Optimization while Learning
In a typical data-driven decision-making approach, the decision maker estimates the model from data (learning), and then optimizes their decision based on the learned model (optimization). When decisions affect the data collecting process, however, this estimate-and-optimize scheme may fail to find the true optimal decision as some part of the model remains unknown. In this situation, the decision maker has to learn the model via trial-and-error, making experimental decisions in order to collect informative data. In DO lab, we study such decision-making principles, particularly utilizing techniques that have been developed in operations research community such as stochastic programming, simulation, uncertainty quantification, etc.
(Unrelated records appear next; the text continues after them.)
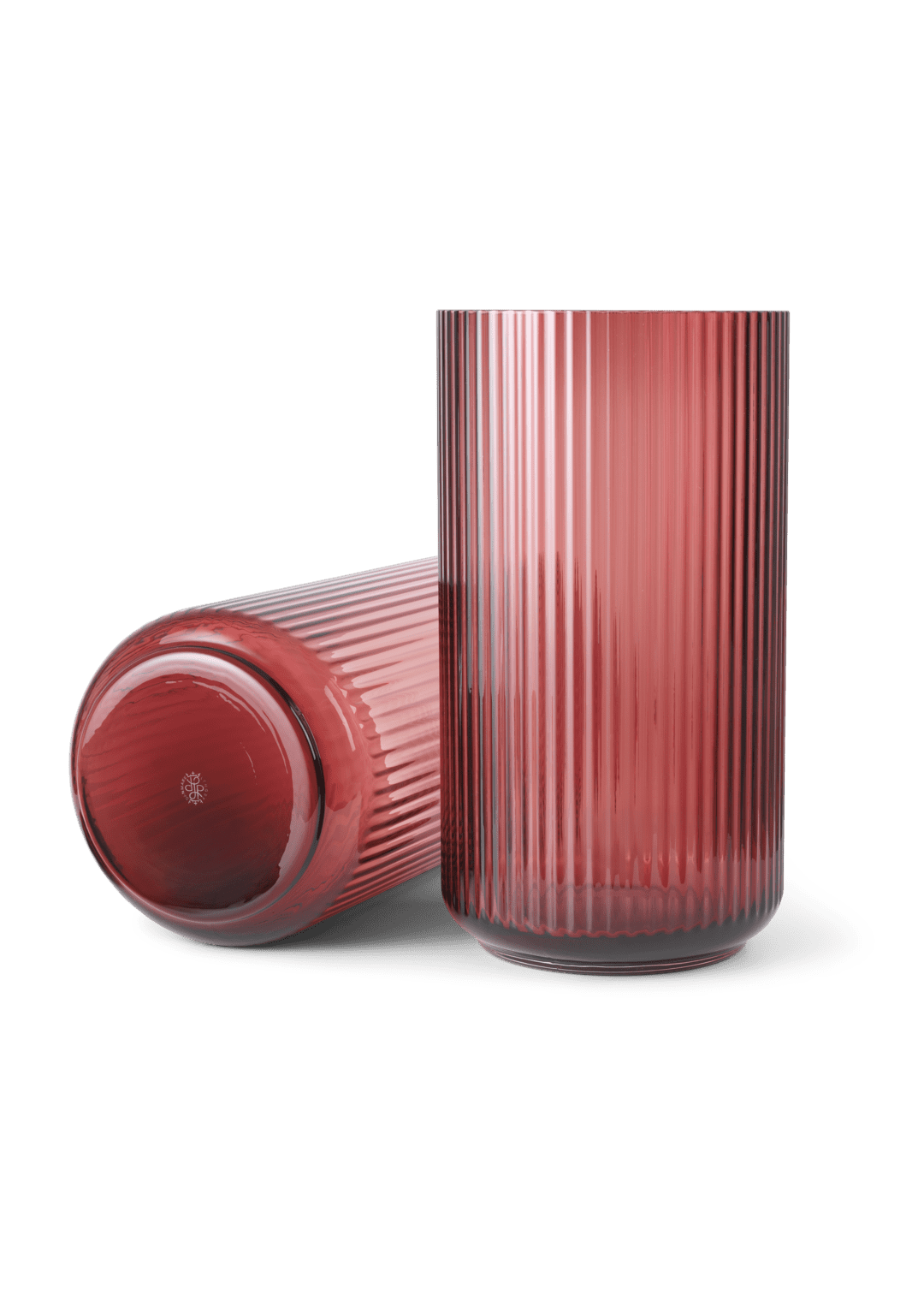 Lyngby Porcelæn - Lyngby Vase H38 cm burgundy, rød mundblæst glas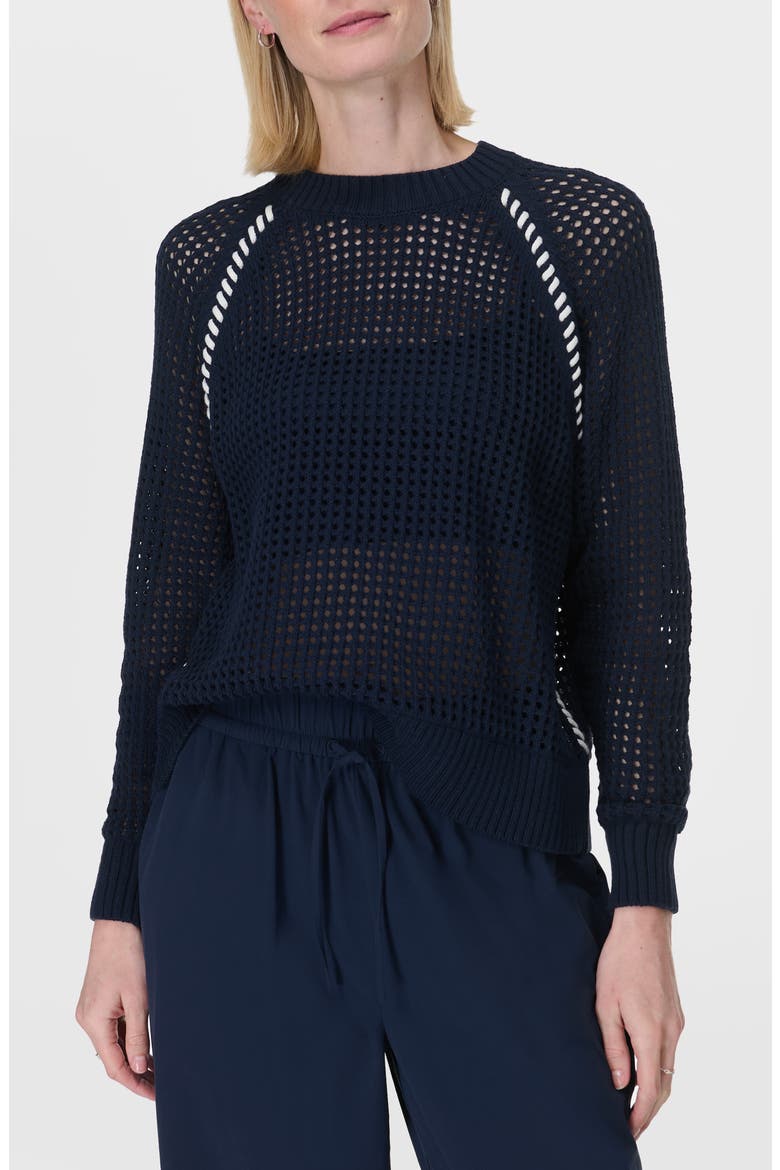 Tides High Whipstitch Open Knit Sweater, Main, color, NAVY BLUE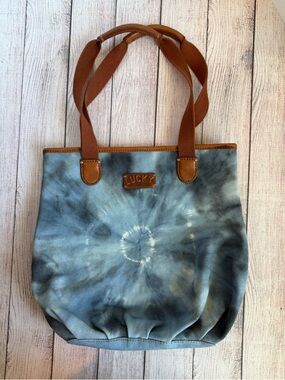 LUCKY Canvas Tie Dyed Blue Tote Bag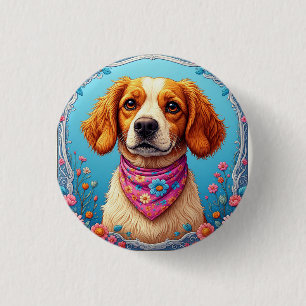 Chapa Redonda De 2,5 Cm Perro Adorable Enmarcado por Flores Coloridas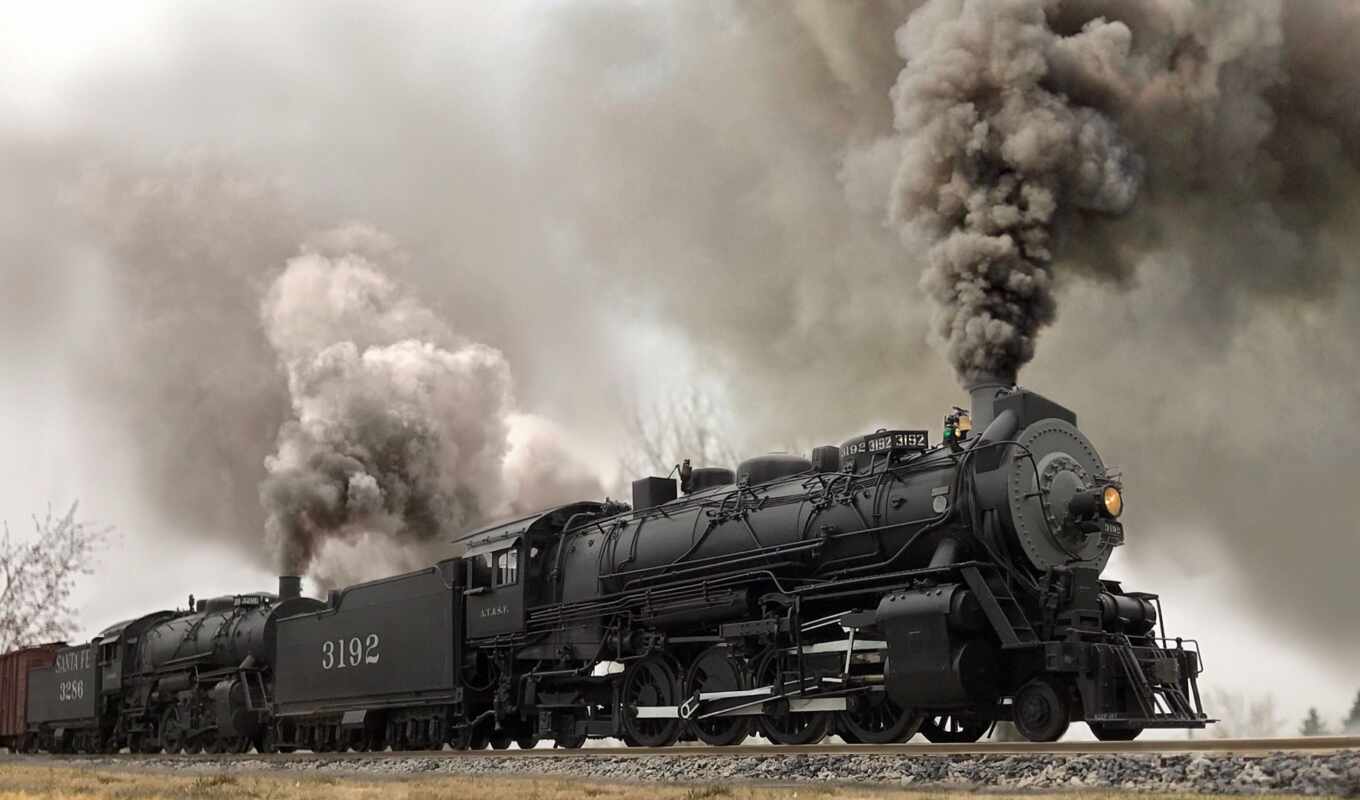 дым, поезд, steam, локомотив, vehicle
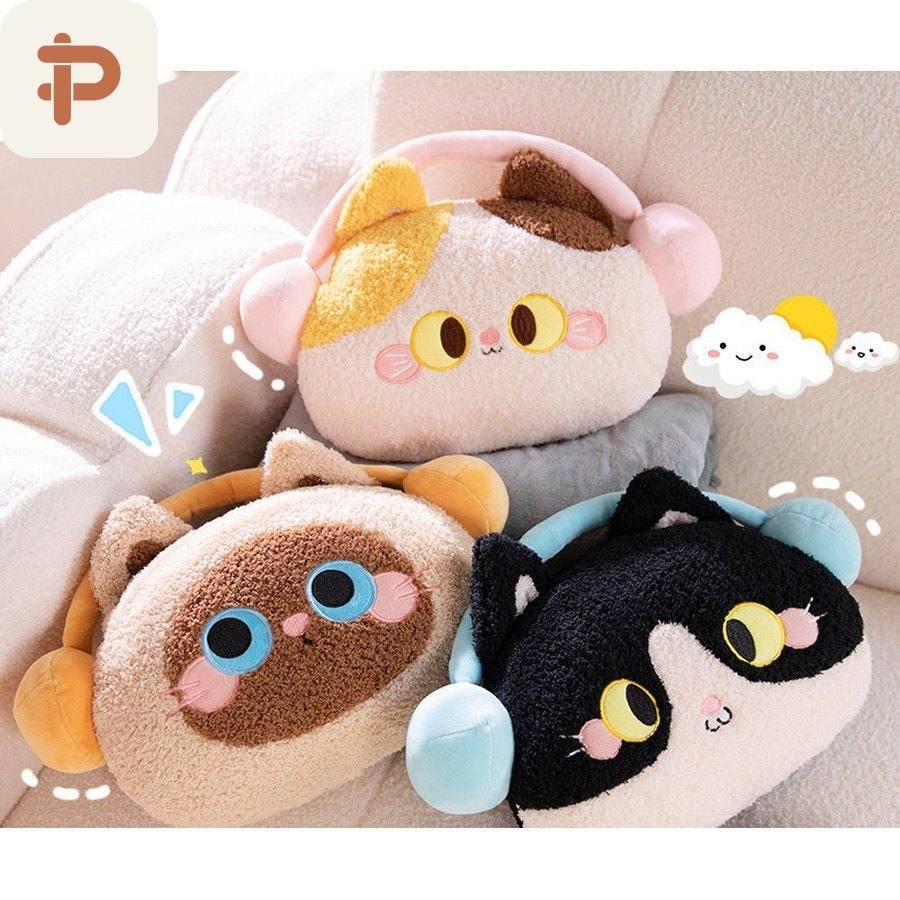 Earmuff Cat Pillow-Blanket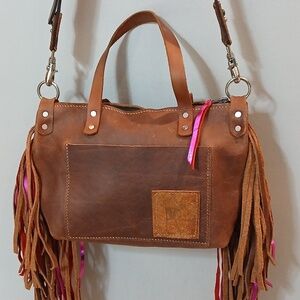 SWEET BADGER BAGS LEATHER FRINGE HANDMADE LEATHER BAG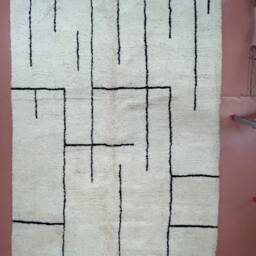 Handmade Beni Ourain Wool Rug Minimalist Moroccan Carpet - 7x10Ft - thumbnail 4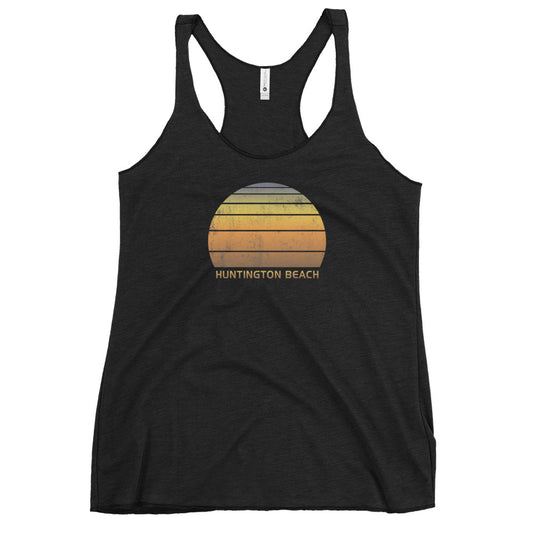 Retro Huntington Beach California Women's Racerback Tank Top Sunset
Keywords: bandit algorithms, Thompson sampling, reinforcement learning, optimal learning
Risk-sensitive Optimal Control
The decision maker often wants to be conservative in the face of uncertainty, by optimizing performance in adverse scenarios rather than focusing on average performance. The conditional value-at-risk (CVaR) is such a performance measure that has been widely adopted in financial applications due to its intuitive interpretation and nice mathematical properties. Unlike static decision-making problems, however, dynamic optimization of the CVaR objective is not trivial. In DO lab, we aim to develop a systematic decision-making framework for risk-sensitive optimal control problems, particularly based on a game-theoretic formulation.
Keywords: convex risk measure, conditional value-at-risk, optimal control
Business Applications
We are interested in utilizing and customizing the above methodologies for specific business applications, specifically, algorithmic trading and online advertisement. Algorithmic trading not only concerns how to predict future price, but also deals with how to manage portfolios or how to execute transactions in financial markets. Online advertisement exchange also shares similar features with financial markets as a marketplace where advertisers and publishers trade ad impressions in real time. In these applications, it is important for the decision makers to be adaptive to the changes in the market conditions.